Architecture Overview
My infrastructure follows a strict GitOps approach with the following principles:
- Base configurations containing common settings and defaults
- Environment-specific overlays for customized deployments
- Progressive deployment through ArgoCD sync waves
- Resource graduation across environments when applicable
Network Architecture
My modern networking stack is built on:
-
Cilium (see https://github.com/cilium/cilium/releases)
- CNI for network connectivity
- Service mesh capabilities
- Network policies
- Cluster mesh (future capability)
-
Gateway API
- Modern ingress management
- Enhanced traffic routing capabilities
Gateway Classes and Structure
Gateway Classes:
external: # Internet-facing services
- HTTP/HTTPS routes
- Load balancing
- External DNS integration
internal: # Cluster-local services
- Internal DNS resolution
- Service mesh integration
- Cross-namespace communication
tls-passthrough: # Direct TLS termination
- Secure services
- Certificate management via cert-manager
Node Management
Safe Node Drainage and Reboot
To safely reboot a node, follow these steps:
- Cordon the node to prevent new workloads:
kubectl cordon node-name
- Drain workloads (ignore DaemonSets, handle ephemeral storage):
kubectl drain node-name --ignore-daemonsets --delete-emptydir-data
- Reboot using talosctl (replace IP with your node's IP):
talosctl reboot --nodes 10.25.150.21
- Uncordon the node after it's back online:
kubectl uncordon node-name
Node Maintenance Best Practices
- Always drain nodes before maintenance
- Verify pod rescheduling before proceeding
- Monitor node health after maintenance
- Ensure cluster has capacity for workload redistribution
- Consider impact on stateful applications
Pod Disruption Budgets
PodDisruptionBudgets (PDBs) keep critical pods running during a voluntary
node drain.

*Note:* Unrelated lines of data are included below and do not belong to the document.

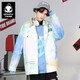 閃電潮牌（GENANX）秋冬新品夾克外套柔軟炫彩卡通印花開(kāi)衫夾克男外套撞色青少年上衣 炫彩印花 2XL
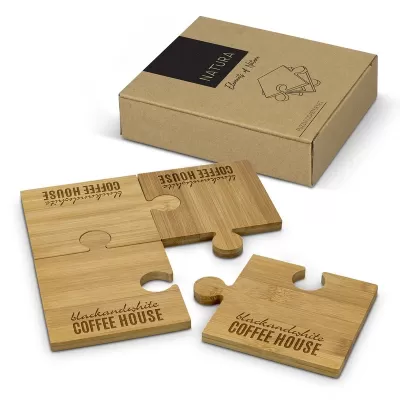 NATURA 4 Piece Bamboo Puzzle Coaster Set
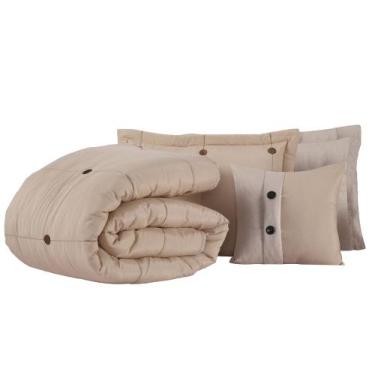 Imagem de Kit Cobre Leito Colcha Button Queen 200 Fios Bordado 7 Peças - Avelã -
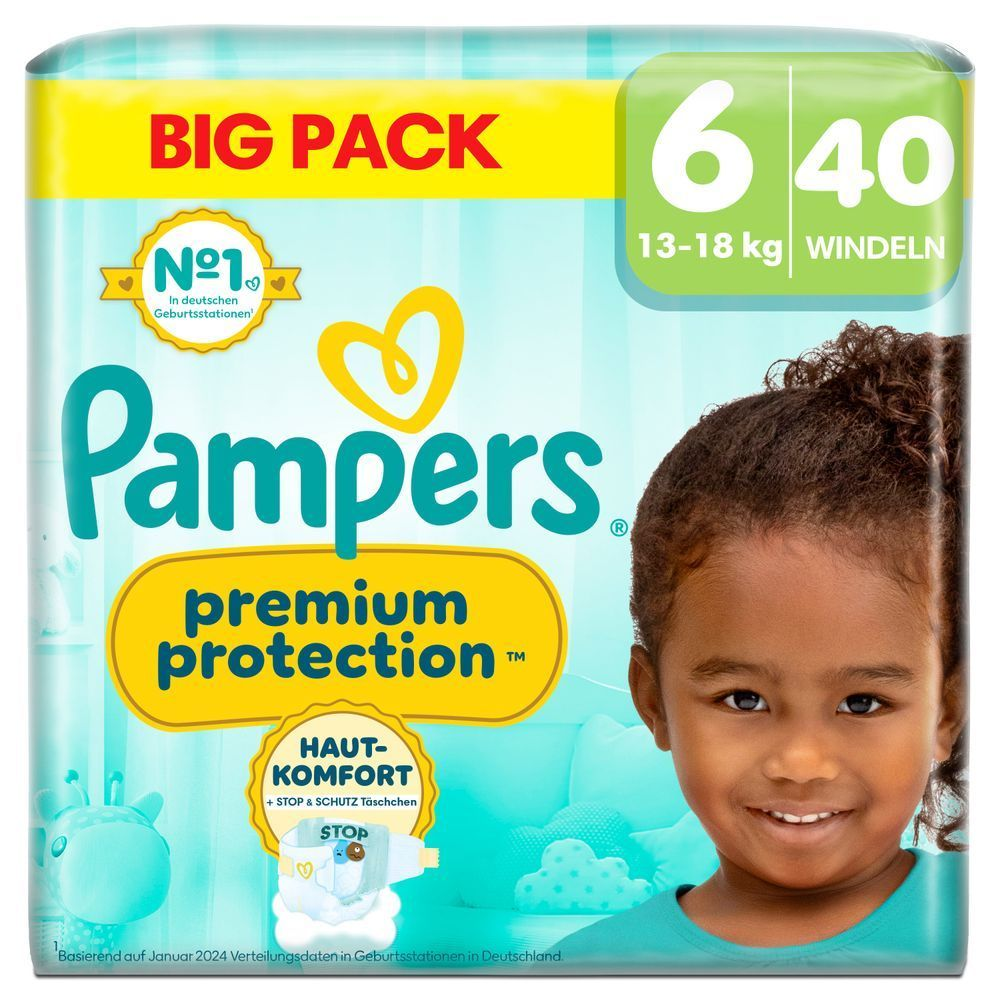Bild: Pampers Premium Protection Größe 6, 13kg-18kg, Big Pack 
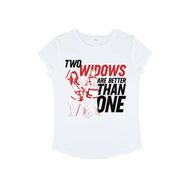 Marvel Black Widow Two Widows Rolled Sleeve Beyaz Kadın T-shirt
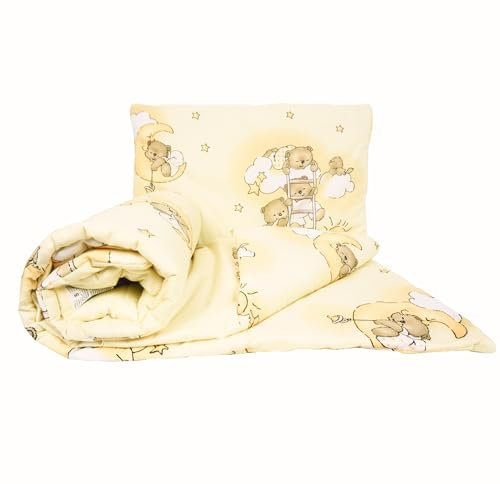 2 Piece Baby Children Quilt Duvet & Pillow Set 120x90 cm to fit Toddler Cot Bed (Ladders Yellow)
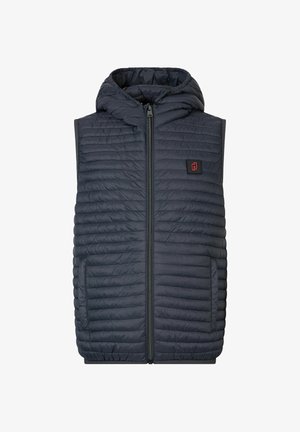 Vesta matlasată bleumarin cu glugă, având un design matlasat, închidere frontală cu fermoar și buzunare laterale. Include o emblemă cu logo pe piept.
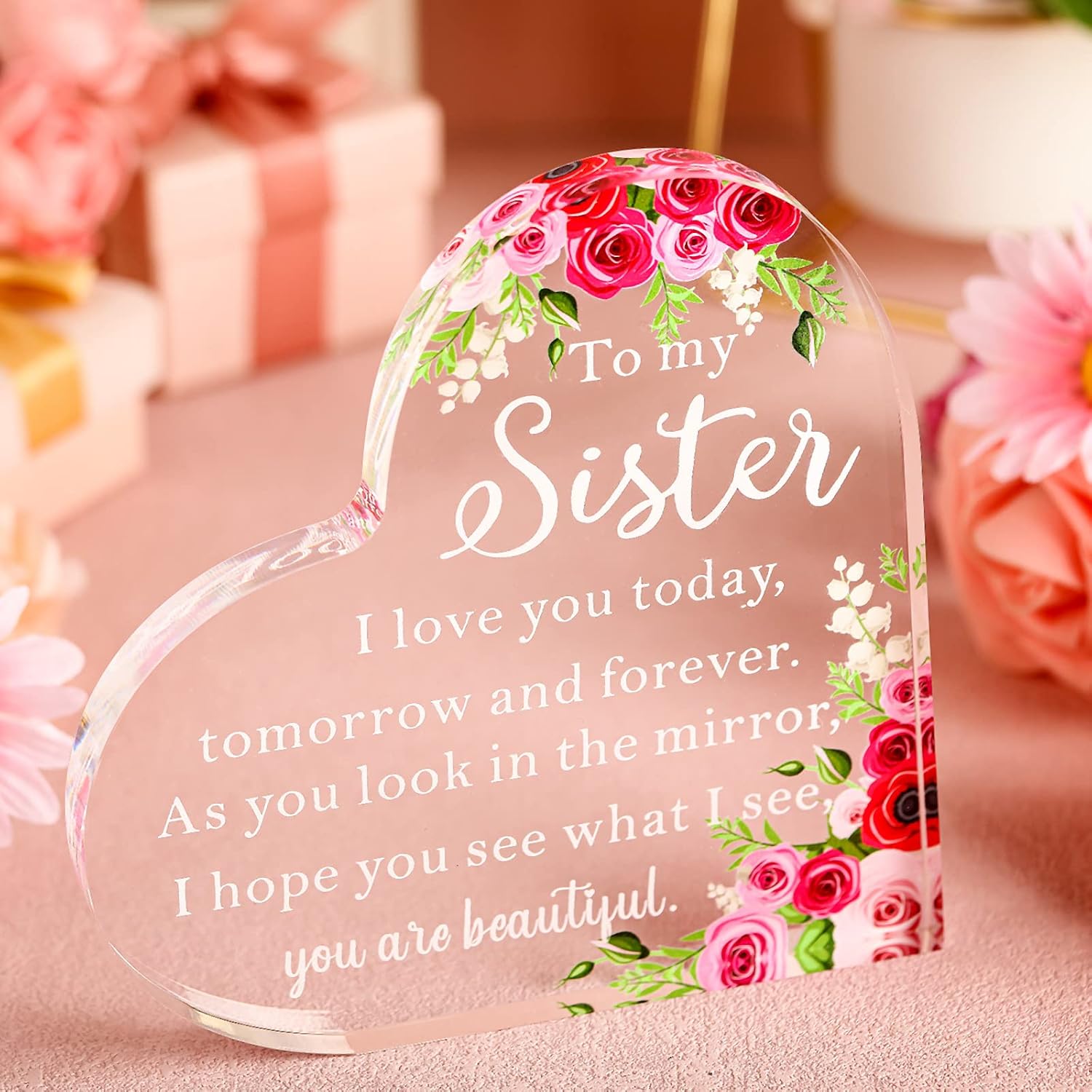 Regalo de acrílico para hermana de corazón de hermana, recuerdo pisapapeles a Sister Is God’s Way of Making Sure We Never Walk Alone, regalo de San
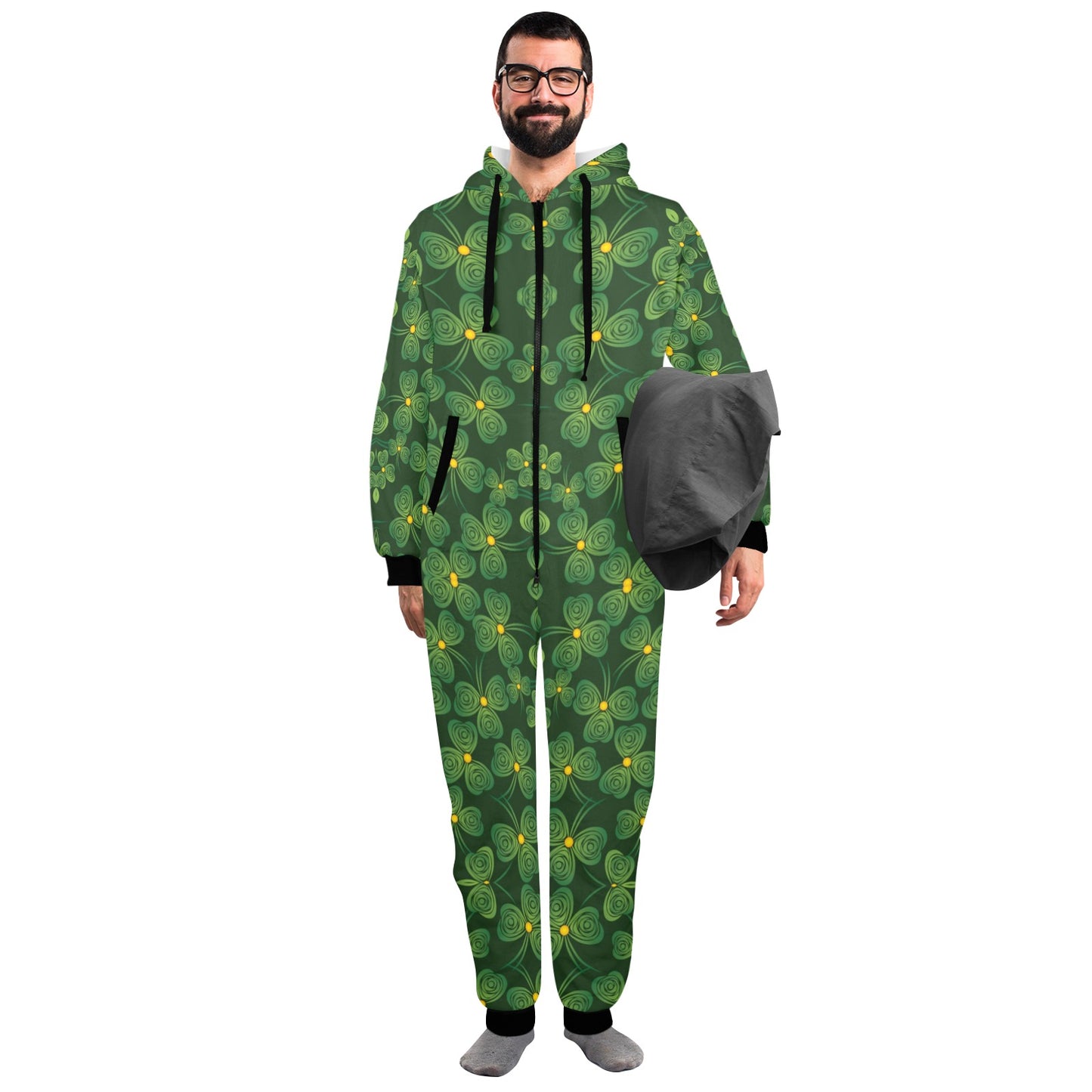 Shamrock Pattern Hooded Fleece Onesie Pajama Jumpsuit
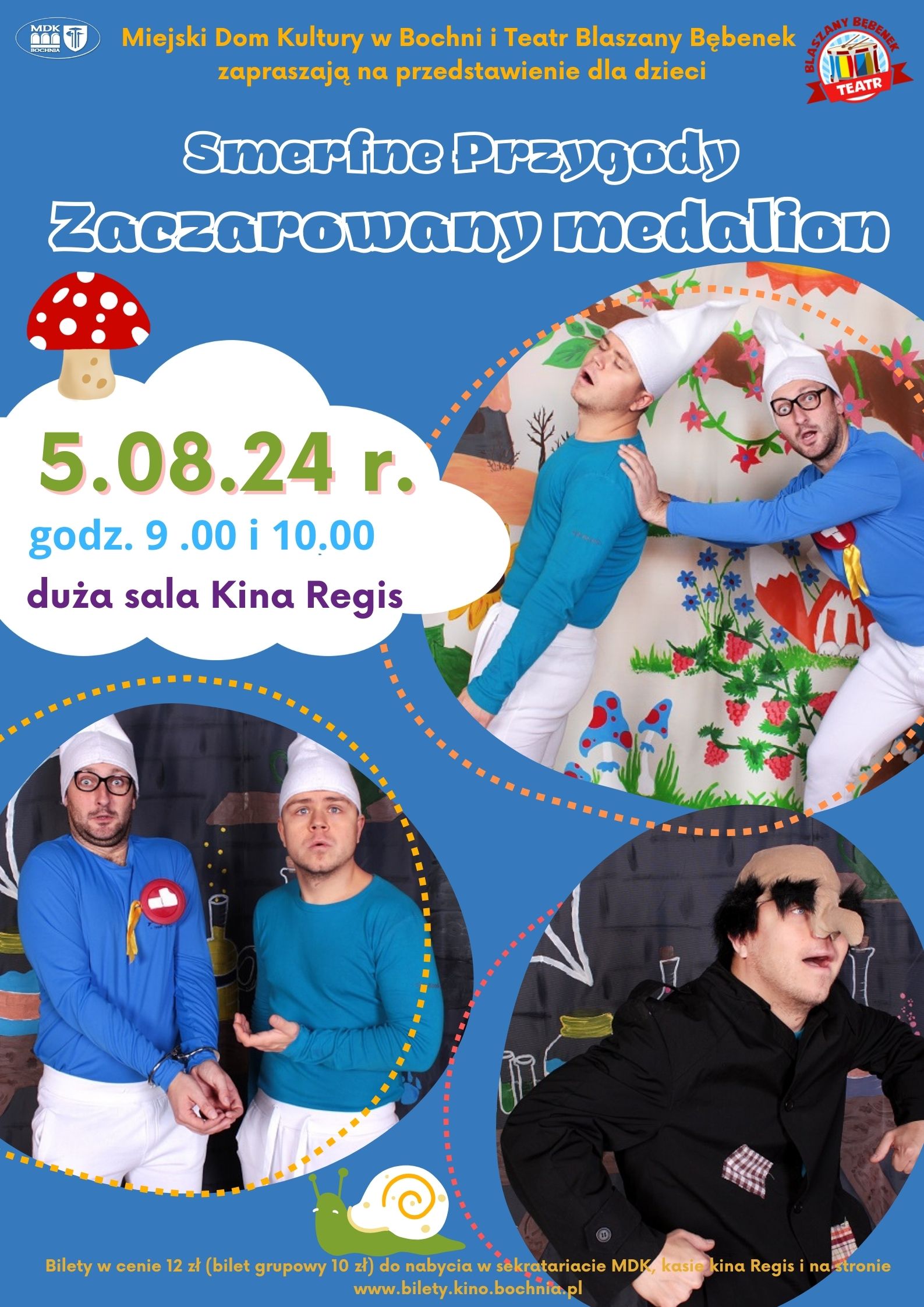 ,,Smerfne przygody. Zaczarowany medalion" - teatrzyk 5.08.24.r duża sala kina Regis - szczegóły w poście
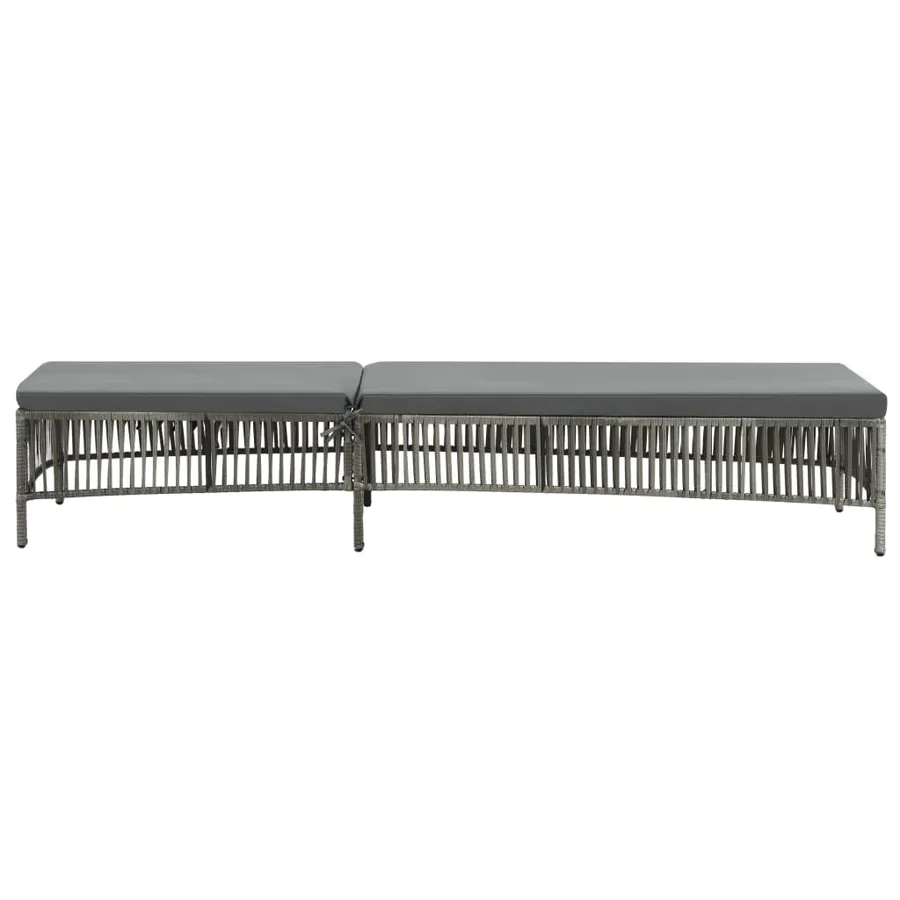 Chaise longue avec coussin Résine tressée Gris - 2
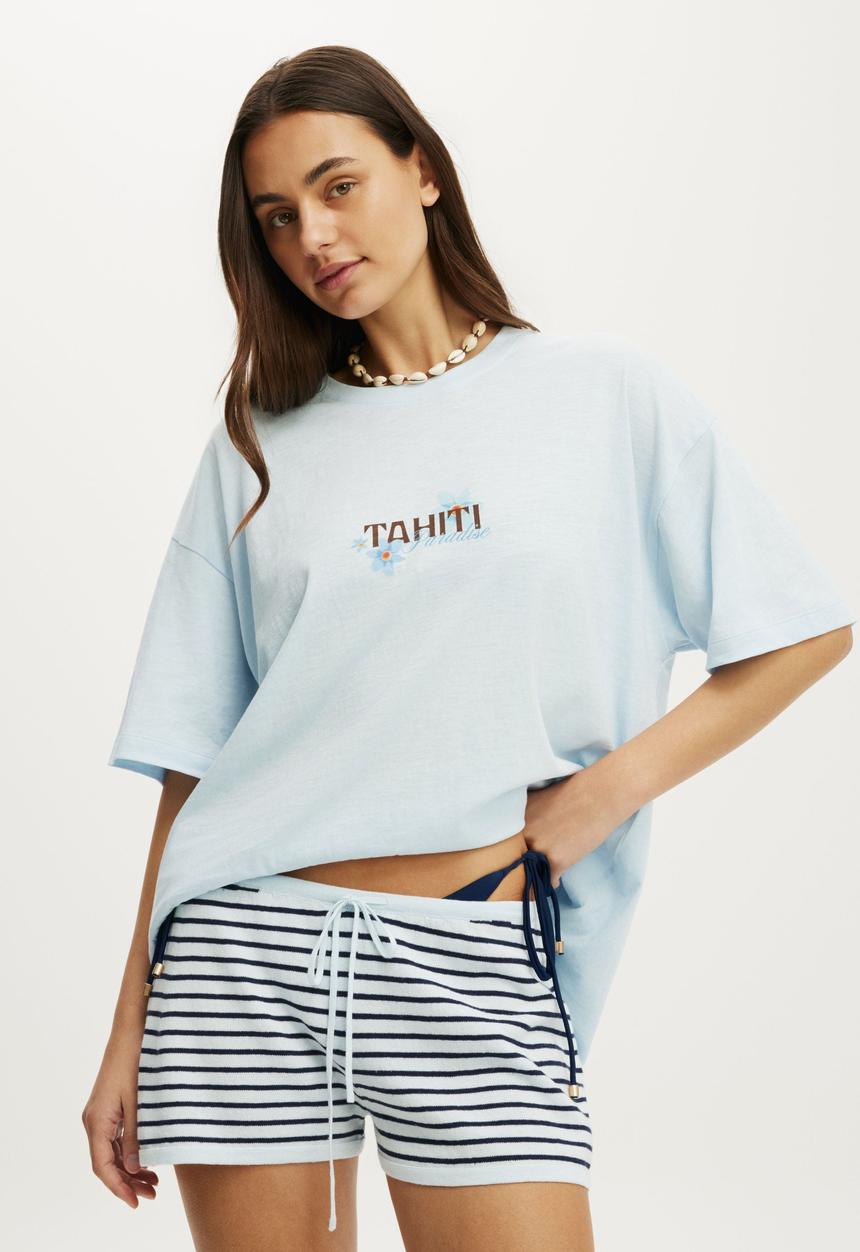 Cotton On - The Resort Oversized Tee - Saltwater Slide/Tahiti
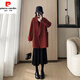 皮爾卡丹（pierre cardin）安可拉紅色雙面羊絨大衣女2025秋冬新款羊毛呢子大衣女外套小個(gè)子 安可拉紅色 S 建議90-100斤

Most of my applications run a single replica, so each namespace
defines a simple PDB with maxUnavailable: 0
. When you drain a node hosting
one of these pods, the operation waits until another replica is available or the
PDB is removed. This prevents accidental outages during routine maintenance.
Multi-replica services like CoreDNS and the monitoring stack also
have PDBs defined to ensure at least one instance stays online during upgrades.
Argo CD runs in high availability mode, and the Helm chart automatically
creates PDBs for each component. The Cloudflare tunnel doesn't use a PDB; its
DaemonSet rolls out pods one at a time with maxUnavailable: 1
.